The latest appeal for Patel to meaningfully consult with the industry follows previous letters sent to him over the past few months, in which Basa requested to meet and discuss the devastating impact of the previous four alcohol bans. Basa says it has yet to receive a response to its letters.
"The previous four bans saw the beer industry losing 161 days of trade since March last year, putting just over 240 000 jobs at risk with a tax revenue loss of R34.2-billion and R10.2-billion lost in excise revenue. No government funding or relief has been provided to assist our sector throughout this crisis, which has resulted in many small businesses, including 27 craft breweries, being forced to close their doors permanently.
"South Africa currently has the highest unemployment rate in the world. Any further job losses within the alcohol industry will have a devastating impact on our economy," the association says.
The beer industry has repeatedly requested government to provide scientific data and evidence on which it has based its decisions to enforce the previous alcohol bans. When the country was moved to Alert Level 2 on September 21, bottle stores were allowed to operate for one extra day a week on Fridays.
"Unsurprisingly, this was not what government's scientific advisers had recommended. A memo from the Ministerial Advisory Committee indicated that any attempts to keep in place the ban on alcohol sales for offsite consumption on Saturdays was difficult to justify. This proves that government’s restrictions on alcohol have not been the result of an evidence-based approach," the association argues.

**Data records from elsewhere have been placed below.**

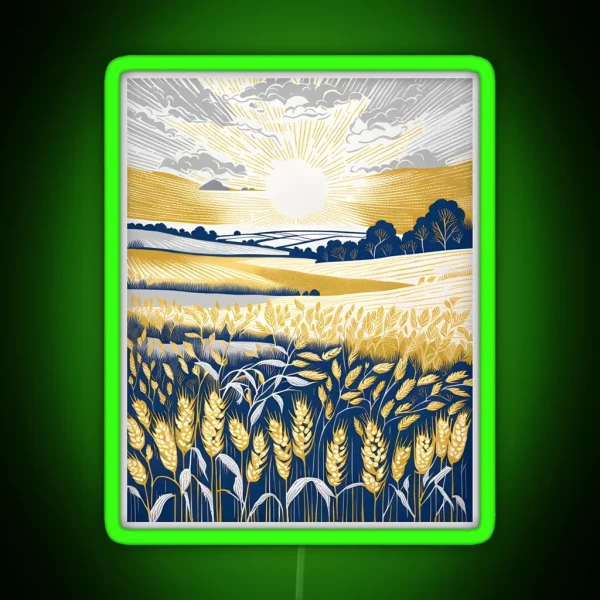 Barley Field RGB Neon Sign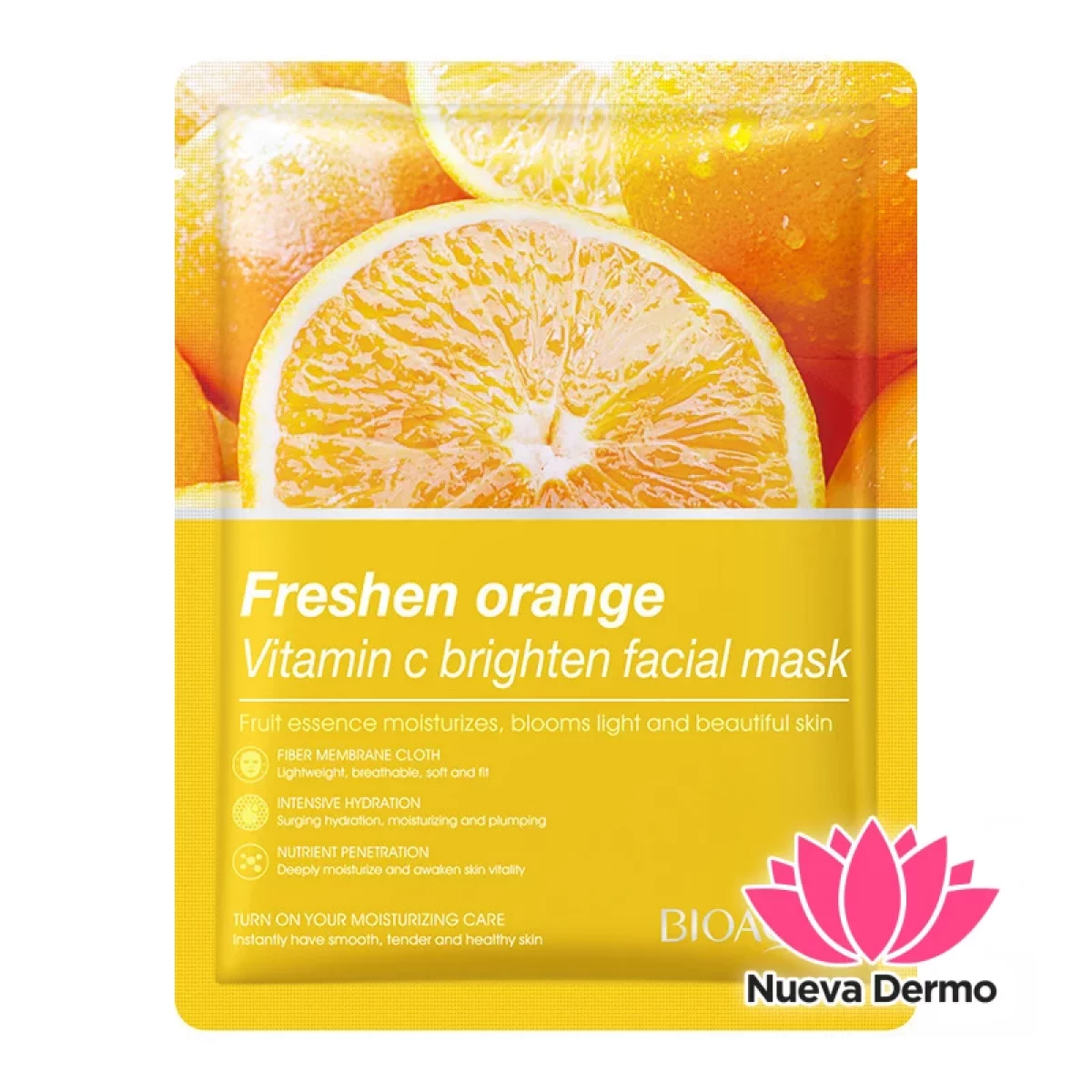 Mascarilla Facial Iluminadora con Naranja Fresca y Vitamina C 25G 12425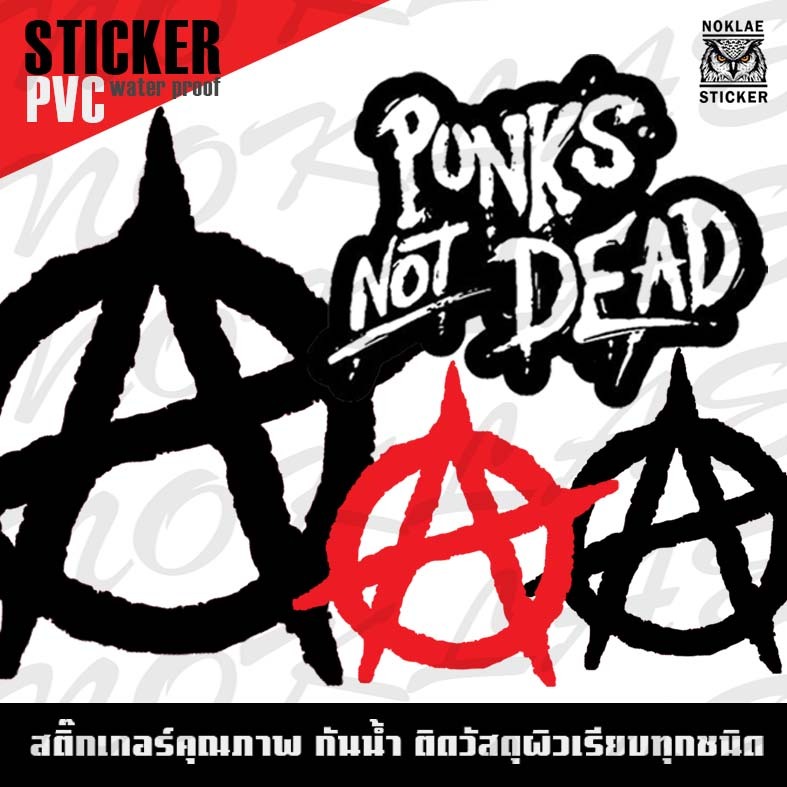 สติ๊กเกอร์  Anarchy Stickers สติ๊กเกอร์กันน้ำ ติดวัสดุผิวเรียบทุกชนิด ส่งของทุกวัน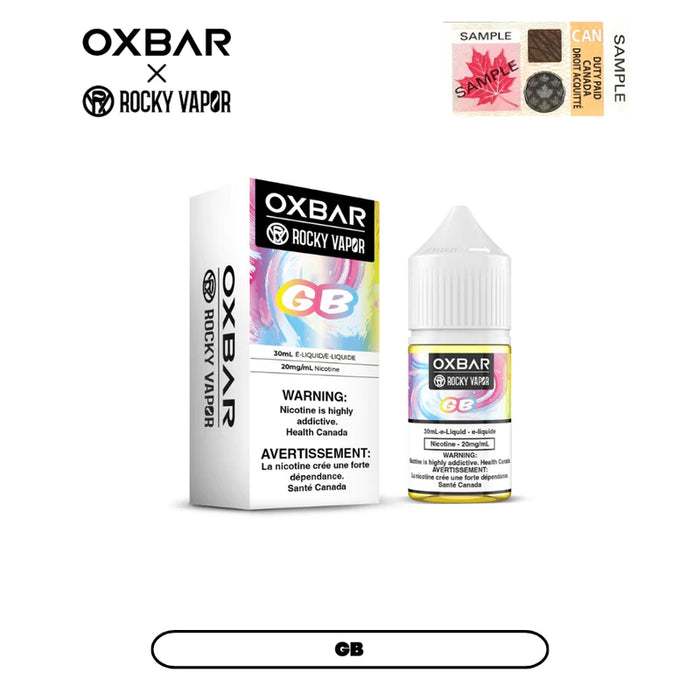 Oxbar x Rocky Vapor E-juice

Given such arbitrary decision-making, Basa fears that the local beer industry could once again suffer the consequences of government restrictions in the lead up to summer. This concern has been reinforced by Cele announcing that alcohol sales will be banned on municipal election day, with no reason given for government’s decision or any consultation with the industry having taken place.

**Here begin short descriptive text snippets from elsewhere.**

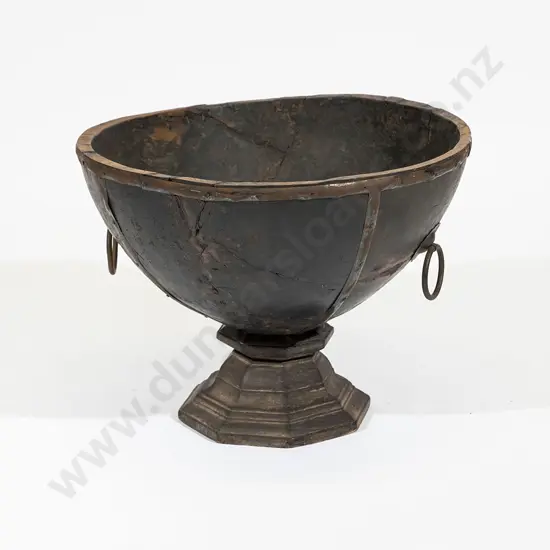 A Large Antique Wooden Bowl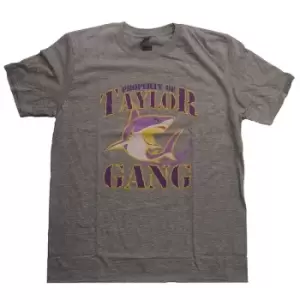 Image of Taylor Gang Entertainment - Property of Unisex XX-Large T-Shirt - Grey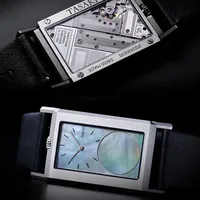 表盘上的珍珠陀——充满诗意的小方表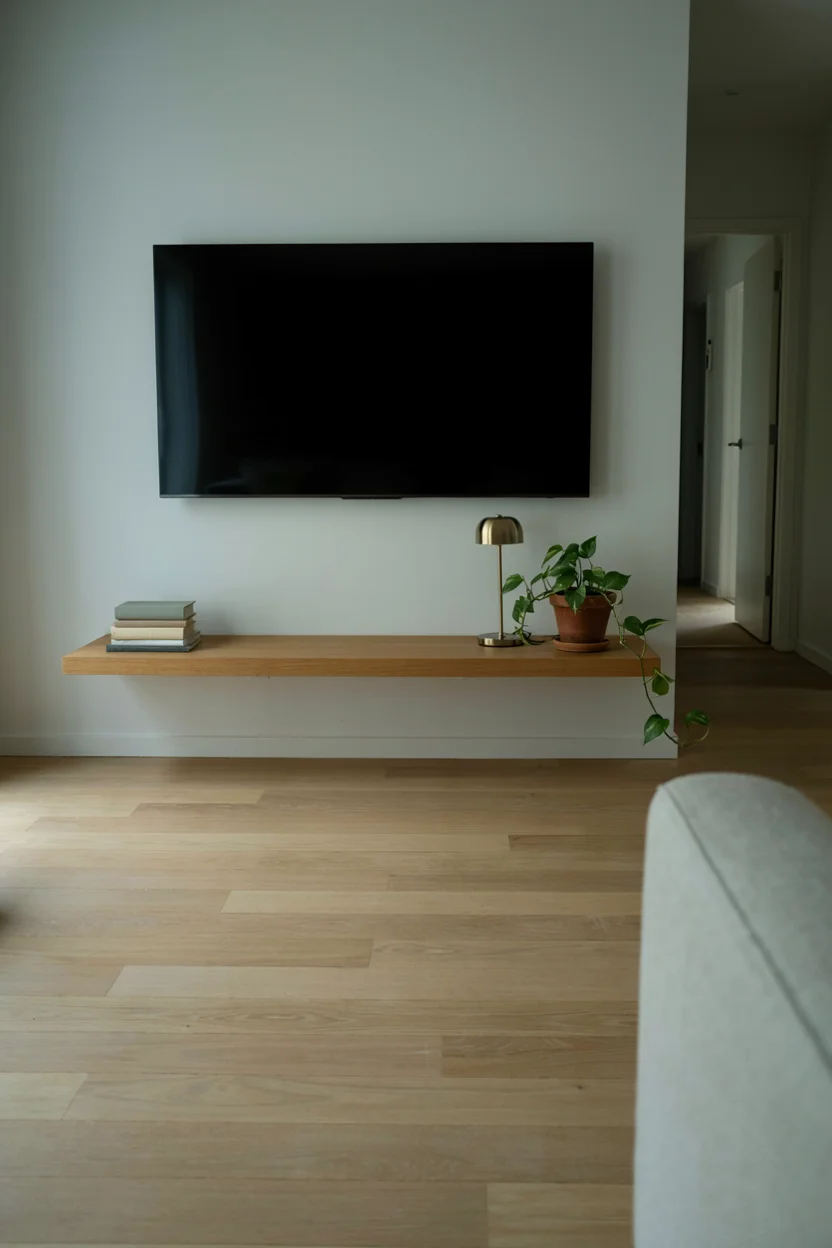  Floating Media Console Setup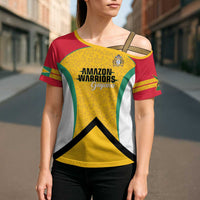 Guyana Cricket Custom Cross Shoulder Shirt Amazon Warriors Est 2013 Version - Wonder Print Shop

"Basa continues to call for proper consultation by government before considering any new regulations to stop the spread of Covid-19 over the coming months."
"Our industry, and the more than 450 000 livelihoods it supports, can not afford [South African President Cyril Ramaphosa] announcing another immediate ban on the legal trade of alcohol without any prior warning or an opportunity to properly engage with government.

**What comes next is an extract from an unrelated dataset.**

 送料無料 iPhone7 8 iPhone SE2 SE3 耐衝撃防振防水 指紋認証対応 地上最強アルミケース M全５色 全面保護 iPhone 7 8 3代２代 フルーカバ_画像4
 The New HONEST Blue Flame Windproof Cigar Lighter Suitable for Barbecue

"Basa firmly believes that, as the Minister responsible for trade and industry, Patel should listen to our plight and take up our concerns in order to help us save a sector that is vital to our economy and job creation. It has, therefore, requested an urgent meeting with him to discuss government’s plans to save lives and livelihoods ahead of the festive season.
"With thousands of businesses and jobs across the beer value chain still at risk, immediate action is required if we are to keep people employed and families fed over the December period," the association says.